Alcohol. Although alcohols, such as rubbing alcohol or 70% ethyl alcohol (7 parts absolute alcohol in 3 parts distilled water) makes an ideal killing fluid for many (soft-bodied) insect specimens, and is an excellent fluid to store preserved specimens, many soft-bodied insects need to be preserved in a different solution before storage in alcohol-filled vials (see Boiling larvae and KAAD sections). Lower concentrations of alcohol are less effective and some specimens will lose more color or turn black over time when stored in diluted fluid. Alcohol evaporates easily. When storing insects in vials of alcohol, containers must be examined periodically and fluid replenished if needed. Tight seals on caps can reduce evaporation rates.

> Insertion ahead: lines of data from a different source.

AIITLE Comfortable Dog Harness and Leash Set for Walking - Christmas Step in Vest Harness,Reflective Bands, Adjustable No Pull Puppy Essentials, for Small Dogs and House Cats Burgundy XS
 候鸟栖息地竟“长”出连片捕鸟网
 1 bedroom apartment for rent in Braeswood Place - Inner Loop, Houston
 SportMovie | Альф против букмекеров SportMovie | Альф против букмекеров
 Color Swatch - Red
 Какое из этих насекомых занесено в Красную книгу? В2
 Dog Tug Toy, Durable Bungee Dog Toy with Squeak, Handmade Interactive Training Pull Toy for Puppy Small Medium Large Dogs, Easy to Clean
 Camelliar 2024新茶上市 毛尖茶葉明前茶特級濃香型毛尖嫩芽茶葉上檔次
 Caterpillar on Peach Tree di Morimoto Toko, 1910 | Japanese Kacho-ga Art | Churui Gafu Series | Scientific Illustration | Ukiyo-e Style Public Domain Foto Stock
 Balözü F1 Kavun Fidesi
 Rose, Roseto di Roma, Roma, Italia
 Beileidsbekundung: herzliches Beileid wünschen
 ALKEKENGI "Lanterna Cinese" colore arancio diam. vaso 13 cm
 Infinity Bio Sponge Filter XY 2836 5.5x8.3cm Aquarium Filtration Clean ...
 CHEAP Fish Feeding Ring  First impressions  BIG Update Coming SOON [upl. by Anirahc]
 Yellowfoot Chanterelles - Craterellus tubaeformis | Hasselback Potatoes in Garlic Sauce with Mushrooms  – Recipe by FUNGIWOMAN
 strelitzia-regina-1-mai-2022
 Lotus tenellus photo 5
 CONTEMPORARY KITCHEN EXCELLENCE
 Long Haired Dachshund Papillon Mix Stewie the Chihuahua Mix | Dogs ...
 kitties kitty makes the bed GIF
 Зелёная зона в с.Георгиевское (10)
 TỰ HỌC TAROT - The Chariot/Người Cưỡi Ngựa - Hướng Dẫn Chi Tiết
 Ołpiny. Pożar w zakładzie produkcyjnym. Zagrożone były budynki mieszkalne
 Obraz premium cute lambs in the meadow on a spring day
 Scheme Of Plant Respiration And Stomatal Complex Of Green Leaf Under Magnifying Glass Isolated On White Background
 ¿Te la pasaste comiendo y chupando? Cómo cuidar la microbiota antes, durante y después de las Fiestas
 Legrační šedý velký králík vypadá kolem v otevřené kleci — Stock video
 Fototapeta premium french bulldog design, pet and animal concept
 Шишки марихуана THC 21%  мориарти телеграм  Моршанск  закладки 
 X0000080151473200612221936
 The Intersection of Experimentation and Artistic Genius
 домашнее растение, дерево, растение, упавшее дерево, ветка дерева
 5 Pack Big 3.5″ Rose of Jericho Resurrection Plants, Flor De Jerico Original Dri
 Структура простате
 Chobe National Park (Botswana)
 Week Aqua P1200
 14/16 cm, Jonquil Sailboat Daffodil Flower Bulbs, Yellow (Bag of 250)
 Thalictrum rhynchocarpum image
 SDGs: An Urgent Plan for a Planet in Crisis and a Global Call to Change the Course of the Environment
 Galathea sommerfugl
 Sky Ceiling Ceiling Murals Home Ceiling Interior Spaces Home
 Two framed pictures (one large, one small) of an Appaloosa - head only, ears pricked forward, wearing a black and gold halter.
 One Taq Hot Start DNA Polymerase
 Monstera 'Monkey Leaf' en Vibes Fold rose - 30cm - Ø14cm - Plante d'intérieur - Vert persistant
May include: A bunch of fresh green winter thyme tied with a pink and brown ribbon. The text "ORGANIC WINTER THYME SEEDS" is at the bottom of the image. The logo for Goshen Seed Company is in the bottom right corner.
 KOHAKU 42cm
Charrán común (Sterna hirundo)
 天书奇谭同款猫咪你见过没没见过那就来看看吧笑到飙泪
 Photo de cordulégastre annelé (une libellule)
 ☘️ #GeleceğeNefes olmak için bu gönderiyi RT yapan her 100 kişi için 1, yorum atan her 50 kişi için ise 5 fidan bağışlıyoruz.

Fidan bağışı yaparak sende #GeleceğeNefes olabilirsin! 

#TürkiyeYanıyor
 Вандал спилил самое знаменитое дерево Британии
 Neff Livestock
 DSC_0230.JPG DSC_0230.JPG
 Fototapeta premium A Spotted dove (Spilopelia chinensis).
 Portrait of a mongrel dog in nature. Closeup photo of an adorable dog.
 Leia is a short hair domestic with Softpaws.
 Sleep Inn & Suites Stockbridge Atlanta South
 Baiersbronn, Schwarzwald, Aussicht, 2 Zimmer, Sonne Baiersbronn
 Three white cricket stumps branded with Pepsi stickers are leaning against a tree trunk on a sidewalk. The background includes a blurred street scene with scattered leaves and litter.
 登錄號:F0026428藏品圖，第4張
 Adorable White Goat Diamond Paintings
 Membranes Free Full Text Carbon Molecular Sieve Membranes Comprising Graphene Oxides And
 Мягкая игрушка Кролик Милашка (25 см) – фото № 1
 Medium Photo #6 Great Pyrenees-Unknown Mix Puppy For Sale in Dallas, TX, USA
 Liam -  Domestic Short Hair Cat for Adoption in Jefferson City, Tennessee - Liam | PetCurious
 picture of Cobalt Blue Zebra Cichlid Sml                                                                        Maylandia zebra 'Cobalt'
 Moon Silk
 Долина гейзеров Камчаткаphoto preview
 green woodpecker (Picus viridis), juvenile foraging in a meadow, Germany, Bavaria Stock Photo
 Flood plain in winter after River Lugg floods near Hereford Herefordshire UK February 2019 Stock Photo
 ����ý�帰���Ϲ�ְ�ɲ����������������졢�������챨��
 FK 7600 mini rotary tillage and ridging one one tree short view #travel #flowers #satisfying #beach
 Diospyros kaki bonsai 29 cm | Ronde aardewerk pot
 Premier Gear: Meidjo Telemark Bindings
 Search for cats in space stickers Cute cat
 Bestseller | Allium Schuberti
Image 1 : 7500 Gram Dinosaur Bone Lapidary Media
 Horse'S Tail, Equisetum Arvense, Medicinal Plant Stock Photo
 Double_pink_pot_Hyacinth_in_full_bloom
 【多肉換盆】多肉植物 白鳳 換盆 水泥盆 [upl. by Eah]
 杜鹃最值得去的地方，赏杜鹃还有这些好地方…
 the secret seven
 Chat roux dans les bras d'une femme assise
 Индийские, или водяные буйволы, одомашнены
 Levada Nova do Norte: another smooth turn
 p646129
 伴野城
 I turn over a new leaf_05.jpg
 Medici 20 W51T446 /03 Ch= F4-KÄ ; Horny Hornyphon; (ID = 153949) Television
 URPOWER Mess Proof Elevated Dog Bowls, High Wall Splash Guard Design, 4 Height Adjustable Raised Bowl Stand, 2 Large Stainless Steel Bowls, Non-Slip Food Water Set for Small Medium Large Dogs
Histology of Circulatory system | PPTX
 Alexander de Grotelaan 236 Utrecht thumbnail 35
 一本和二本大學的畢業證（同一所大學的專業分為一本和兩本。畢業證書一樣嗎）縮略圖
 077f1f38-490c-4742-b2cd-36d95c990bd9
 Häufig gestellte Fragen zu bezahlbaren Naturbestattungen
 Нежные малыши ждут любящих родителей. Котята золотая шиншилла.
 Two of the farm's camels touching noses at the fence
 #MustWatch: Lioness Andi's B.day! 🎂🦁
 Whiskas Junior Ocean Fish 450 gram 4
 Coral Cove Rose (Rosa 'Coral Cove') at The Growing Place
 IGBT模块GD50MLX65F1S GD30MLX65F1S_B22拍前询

Boiling larvae and KAAD. Many insects, especially caterpillars, lose their color when preserved directly in alcohol. To improve the appearance of these insects they may be killed in boiling water for a few seconds or first killed in a solution called KAAD (available from a source of entomological supplies). KAAD consists of a solution of: 1 part kerosene, 7-10 parts 95% ethyl alcohol, 2 parts glacial acetic acid and 1 part dioxane.
Freeze drying. Larval stages of butterflies and moths can be preserved dry (versus in alcohol after being preserved in boiling water or KAAD) by freeze-drying them in a vaccum. Specimens retain color and hair (setae) patterns better using this method. Special equipment is required, however.